Task description: Two lines mark the range in the entries below: the one holding "Room 10 of 29" and the one holding "18 Derham Park, Yatton, Bristol, BS49 4DZ". Set down those two and all lines between them, exactly.

Listed entries:










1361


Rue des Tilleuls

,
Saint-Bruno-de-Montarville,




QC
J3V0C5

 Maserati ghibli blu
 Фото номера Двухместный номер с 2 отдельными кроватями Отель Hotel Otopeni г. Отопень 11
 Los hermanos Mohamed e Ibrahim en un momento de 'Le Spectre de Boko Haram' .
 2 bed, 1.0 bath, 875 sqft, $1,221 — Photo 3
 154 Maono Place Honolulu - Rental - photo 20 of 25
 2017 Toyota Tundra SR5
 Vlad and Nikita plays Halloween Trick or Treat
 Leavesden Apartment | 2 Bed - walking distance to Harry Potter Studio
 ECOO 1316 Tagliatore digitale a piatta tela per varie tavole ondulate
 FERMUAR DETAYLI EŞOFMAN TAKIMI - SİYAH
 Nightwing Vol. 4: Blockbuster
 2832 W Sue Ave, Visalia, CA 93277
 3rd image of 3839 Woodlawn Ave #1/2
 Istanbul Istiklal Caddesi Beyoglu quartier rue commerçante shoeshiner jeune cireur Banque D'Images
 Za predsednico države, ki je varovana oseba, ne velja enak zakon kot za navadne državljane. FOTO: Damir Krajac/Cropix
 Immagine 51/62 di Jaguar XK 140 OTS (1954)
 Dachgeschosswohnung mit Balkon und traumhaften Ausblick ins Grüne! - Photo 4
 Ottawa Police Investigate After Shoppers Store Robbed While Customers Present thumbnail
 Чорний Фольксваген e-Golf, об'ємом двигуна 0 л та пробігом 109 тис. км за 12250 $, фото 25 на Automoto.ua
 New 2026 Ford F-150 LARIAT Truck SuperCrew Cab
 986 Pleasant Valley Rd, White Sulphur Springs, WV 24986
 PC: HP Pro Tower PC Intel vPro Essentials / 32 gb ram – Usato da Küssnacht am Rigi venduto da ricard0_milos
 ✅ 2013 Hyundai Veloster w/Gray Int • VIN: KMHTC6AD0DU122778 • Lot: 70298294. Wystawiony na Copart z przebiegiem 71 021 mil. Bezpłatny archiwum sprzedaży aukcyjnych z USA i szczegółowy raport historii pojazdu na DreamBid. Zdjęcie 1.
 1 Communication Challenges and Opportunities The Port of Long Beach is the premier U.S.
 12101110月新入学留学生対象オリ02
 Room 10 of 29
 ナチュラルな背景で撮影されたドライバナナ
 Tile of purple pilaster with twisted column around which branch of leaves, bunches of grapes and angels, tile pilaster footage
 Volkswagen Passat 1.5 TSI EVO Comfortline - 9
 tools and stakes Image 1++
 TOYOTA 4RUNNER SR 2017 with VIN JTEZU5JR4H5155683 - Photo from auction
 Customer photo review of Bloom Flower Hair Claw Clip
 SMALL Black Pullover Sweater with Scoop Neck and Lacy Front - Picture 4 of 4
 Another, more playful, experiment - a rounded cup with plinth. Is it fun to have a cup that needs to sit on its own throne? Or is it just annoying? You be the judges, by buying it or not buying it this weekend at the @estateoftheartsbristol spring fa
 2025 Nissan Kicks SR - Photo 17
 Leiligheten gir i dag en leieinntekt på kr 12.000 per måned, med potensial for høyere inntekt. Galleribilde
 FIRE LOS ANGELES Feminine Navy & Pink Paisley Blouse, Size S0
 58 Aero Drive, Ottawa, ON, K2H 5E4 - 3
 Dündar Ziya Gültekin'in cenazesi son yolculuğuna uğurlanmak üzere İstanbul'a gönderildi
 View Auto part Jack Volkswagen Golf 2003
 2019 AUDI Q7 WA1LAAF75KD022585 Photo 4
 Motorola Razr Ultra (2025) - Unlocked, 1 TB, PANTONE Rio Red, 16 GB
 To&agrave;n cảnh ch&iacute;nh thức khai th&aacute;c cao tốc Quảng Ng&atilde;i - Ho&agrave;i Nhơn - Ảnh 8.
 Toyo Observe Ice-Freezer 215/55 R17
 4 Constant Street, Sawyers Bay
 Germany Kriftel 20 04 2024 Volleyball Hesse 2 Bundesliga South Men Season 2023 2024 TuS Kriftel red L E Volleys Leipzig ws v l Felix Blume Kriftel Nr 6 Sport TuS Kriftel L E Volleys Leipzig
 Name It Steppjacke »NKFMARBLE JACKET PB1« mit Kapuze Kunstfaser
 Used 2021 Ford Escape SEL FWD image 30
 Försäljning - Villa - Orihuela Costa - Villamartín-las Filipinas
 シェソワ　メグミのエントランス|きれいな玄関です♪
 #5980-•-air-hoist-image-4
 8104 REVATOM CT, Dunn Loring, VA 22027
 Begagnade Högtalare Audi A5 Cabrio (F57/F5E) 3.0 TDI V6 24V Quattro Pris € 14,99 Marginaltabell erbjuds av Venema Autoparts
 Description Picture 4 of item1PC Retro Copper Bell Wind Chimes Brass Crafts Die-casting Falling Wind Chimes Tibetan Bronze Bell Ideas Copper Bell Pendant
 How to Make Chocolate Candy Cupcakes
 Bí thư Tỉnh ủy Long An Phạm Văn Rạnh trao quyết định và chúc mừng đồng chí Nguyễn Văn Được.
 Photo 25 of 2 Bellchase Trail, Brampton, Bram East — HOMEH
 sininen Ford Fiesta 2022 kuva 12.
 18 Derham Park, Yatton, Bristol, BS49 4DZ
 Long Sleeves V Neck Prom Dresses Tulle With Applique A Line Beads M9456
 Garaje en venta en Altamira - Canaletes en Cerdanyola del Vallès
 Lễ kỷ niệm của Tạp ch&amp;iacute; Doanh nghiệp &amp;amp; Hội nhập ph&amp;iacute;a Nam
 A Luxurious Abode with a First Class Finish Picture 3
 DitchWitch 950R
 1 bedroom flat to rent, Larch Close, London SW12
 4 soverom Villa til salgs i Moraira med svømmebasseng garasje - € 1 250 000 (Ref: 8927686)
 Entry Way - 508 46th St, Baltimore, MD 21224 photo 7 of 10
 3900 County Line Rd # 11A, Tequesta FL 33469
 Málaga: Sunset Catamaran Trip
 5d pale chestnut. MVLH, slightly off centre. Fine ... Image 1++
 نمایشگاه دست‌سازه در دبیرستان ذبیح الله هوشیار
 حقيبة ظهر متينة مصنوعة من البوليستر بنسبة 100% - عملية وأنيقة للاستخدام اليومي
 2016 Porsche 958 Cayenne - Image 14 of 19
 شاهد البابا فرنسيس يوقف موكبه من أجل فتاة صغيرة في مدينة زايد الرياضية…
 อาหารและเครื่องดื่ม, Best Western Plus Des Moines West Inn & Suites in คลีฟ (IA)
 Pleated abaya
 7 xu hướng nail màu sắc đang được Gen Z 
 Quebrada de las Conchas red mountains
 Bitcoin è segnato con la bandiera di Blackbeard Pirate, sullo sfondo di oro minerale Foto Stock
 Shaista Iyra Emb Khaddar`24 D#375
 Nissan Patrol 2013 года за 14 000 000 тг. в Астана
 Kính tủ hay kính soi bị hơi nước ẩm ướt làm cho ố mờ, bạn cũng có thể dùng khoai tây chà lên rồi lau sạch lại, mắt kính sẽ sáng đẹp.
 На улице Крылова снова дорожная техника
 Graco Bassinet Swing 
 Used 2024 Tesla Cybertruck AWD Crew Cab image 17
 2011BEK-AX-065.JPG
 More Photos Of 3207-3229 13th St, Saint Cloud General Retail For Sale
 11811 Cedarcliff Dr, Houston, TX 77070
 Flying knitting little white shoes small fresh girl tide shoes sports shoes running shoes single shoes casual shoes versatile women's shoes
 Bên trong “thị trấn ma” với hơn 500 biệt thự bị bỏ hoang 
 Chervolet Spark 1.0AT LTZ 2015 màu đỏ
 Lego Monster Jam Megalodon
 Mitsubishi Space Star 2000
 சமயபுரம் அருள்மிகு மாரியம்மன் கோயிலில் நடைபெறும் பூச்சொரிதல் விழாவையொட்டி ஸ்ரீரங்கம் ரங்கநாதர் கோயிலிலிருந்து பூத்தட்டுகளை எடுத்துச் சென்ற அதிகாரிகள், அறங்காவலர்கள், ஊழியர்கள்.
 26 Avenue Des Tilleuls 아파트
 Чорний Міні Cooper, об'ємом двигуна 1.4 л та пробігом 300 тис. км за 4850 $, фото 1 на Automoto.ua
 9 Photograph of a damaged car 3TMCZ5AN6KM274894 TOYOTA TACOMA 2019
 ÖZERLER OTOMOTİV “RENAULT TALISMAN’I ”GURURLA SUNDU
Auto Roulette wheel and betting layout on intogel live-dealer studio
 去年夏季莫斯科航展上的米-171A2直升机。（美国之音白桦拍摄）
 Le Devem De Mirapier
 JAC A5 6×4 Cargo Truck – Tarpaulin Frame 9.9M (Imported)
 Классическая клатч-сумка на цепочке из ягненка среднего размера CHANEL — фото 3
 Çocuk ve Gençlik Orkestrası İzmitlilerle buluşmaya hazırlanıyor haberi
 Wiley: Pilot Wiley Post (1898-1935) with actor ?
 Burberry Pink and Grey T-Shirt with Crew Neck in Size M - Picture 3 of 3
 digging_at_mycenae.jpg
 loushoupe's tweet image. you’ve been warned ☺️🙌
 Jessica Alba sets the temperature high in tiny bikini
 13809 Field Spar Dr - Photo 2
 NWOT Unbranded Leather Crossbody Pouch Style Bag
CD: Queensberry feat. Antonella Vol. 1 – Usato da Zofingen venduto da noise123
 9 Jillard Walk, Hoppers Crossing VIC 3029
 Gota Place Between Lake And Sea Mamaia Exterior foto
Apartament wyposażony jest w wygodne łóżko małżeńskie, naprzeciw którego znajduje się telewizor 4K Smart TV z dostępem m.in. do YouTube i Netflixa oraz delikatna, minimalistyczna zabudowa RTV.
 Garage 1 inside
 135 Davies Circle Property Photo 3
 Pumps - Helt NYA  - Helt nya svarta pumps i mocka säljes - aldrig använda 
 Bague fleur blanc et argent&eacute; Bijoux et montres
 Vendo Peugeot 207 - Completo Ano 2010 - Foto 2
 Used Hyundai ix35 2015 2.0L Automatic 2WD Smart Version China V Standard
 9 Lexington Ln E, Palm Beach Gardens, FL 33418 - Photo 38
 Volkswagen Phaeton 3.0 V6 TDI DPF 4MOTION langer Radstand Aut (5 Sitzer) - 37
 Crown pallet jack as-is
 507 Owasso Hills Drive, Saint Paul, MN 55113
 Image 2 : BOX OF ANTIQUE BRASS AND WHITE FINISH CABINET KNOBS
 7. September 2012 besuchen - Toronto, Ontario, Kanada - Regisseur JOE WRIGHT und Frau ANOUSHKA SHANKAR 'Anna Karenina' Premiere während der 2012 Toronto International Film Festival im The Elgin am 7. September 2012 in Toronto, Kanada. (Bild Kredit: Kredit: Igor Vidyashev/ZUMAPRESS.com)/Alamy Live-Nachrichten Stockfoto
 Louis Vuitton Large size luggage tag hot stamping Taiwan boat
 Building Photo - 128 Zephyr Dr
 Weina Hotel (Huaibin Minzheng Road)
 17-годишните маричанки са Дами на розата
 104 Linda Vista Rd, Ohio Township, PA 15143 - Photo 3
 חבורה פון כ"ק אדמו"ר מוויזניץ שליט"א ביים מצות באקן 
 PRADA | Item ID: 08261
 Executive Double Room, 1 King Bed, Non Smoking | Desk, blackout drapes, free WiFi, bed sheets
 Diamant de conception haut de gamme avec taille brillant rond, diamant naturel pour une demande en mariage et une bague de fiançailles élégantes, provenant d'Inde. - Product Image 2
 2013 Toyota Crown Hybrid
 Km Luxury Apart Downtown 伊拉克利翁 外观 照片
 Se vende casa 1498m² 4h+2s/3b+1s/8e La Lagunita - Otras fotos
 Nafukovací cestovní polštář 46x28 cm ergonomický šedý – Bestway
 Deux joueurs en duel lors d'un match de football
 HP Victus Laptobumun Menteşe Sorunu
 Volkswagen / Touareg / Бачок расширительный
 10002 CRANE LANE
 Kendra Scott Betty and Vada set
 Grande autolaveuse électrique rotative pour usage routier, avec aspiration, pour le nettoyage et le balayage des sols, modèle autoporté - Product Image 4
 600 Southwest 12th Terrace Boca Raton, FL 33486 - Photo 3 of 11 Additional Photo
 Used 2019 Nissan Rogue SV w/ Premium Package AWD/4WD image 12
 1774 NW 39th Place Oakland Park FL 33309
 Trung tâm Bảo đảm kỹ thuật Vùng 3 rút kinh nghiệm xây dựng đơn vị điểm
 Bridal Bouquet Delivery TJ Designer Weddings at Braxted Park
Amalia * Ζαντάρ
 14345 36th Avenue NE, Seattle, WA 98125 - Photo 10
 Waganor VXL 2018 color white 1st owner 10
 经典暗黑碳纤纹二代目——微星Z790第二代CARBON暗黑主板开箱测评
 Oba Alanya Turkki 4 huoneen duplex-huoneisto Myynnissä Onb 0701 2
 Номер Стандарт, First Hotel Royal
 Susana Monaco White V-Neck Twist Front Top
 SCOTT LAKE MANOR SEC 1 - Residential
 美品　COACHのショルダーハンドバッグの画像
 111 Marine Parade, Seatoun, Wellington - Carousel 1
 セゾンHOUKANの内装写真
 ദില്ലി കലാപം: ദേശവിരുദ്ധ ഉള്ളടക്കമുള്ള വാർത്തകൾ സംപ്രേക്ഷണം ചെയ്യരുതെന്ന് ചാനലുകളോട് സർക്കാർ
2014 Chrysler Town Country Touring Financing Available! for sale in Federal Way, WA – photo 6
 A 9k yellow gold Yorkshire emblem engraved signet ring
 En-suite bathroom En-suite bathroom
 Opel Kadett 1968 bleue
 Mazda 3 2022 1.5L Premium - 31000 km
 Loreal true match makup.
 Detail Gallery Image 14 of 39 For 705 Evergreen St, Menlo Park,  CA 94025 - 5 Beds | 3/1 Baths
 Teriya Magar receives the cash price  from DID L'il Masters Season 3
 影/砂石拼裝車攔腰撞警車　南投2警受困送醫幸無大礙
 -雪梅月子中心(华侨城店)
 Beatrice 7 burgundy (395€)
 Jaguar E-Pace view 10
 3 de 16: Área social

Written solution:
 Room 10 of 29
 ナチュラルな背景で撮影されたドライバナナ
 Tile of purple pilaster with twisted column around which branch of leaves, bunches of grapes and angels, tile pilaster footage
 Volkswagen Passat 1.5 TSI EVO Comfortline - 9
 tools and stakes Image 1++
 TOYOTA 4RUNNER SR 2017 with VIN JTEZU5JR4H5155683 - Photo from auction
 Customer photo review of Bloom Flower Hair Claw Clip
 SMALL Black Pullover Sweater with Scoop Neck and Lacy Front - Picture 4 of 4
 Another, more playful, experiment - a rounded cup with plinth. Is it fun to have a cup that needs to sit on its own throne? Or is it just annoying? You be the judges, by buying it or not buying it this weekend at the @estateoftheartsbristol spring fa
 2025 Nissan Kicks SR - Photo 17
 Leiligheten gir i dag en leieinntekt på kr 12.000 per måned, med potensial for høyere inntekt. Galleribilde
 FIRE LOS ANGELES Feminine Navy & Pink Paisley Blouse, Size S0
 58 Aero Drive, Ottawa, ON, K2H 5E4 - 3
 Dündar Ziya Gültekin'in cenazesi son yolculuğuna uğurlanmak üzere İstanbul'a gönderildi
 View Auto part Jack Volkswagen Golf 2003
 2019 AUDI Q7 WA1LAAF75KD022585 Photo 4
 Motorola Razr Ultra (2025) - Unlocked, 1 TB, PANTONE Rio Red, 16 GB
 To&agrave;n cảnh ch&iacute;nh thức khai th&aacute;c cao tốc Quảng Ng&atilde;i - Ho&agrave;i Nhơn - Ảnh 8.
 Toyo Observe Ice-Freezer 215/55 R17
 4 Constant Street, Sawyers Bay
 Germany Kriftel 20 04 2024 Volleyball Hesse 2 Bundesliga South Men Season 2023 2024 TuS Kriftel red L E Volleys Leipzig ws v l Felix Blume Kriftel Nr 6 Sport TuS Kriftel L E Volleys Leipzig
 Name It Steppjacke »NKFMARBLE JACKET PB1« mit Kapuze Kunstfaser
 Used 2021 Ford Escape SEL FWD image 30
 Försäljning - Villa - Orihuela Costa - Villamartín-las Filipinas
 シェソワ　メグミのエントランス|きれいな玄関です♪
 #5980-•-air-hoist-image-4
 8104 REVATOM CT, Dunn Loring, VA 22027
 Begagnade Högtalare Audi A5 Cabrio (F57/F5E) 3.0 TDI V6 24V Quattro Pris € 14,99 Marginaltabell erbjuds av Venema Autoparts
 Description Picture 4 of item1PC Retro Copper Bell Wind Chimes Brass Crafts Die-casting Falling Wind Chimes Tibetan Bronze Bell Ideas Copper Bell Pendant
 How to Make Chocolate Candy Cupcakes
 Bí thư Tỉnh ủy Long An Phạm Văn Rạnh trao quyết định và chúc mừng đồng chí Nguyễn Văn Được.
 Photo 25 of 2 Bellchase Trail, Brampton, Bram East — HOMEH
 sininen Ford Fiesta 2022 kuva 12.
 18 Derham Park, Yatton, Bristol, BS49 4DZ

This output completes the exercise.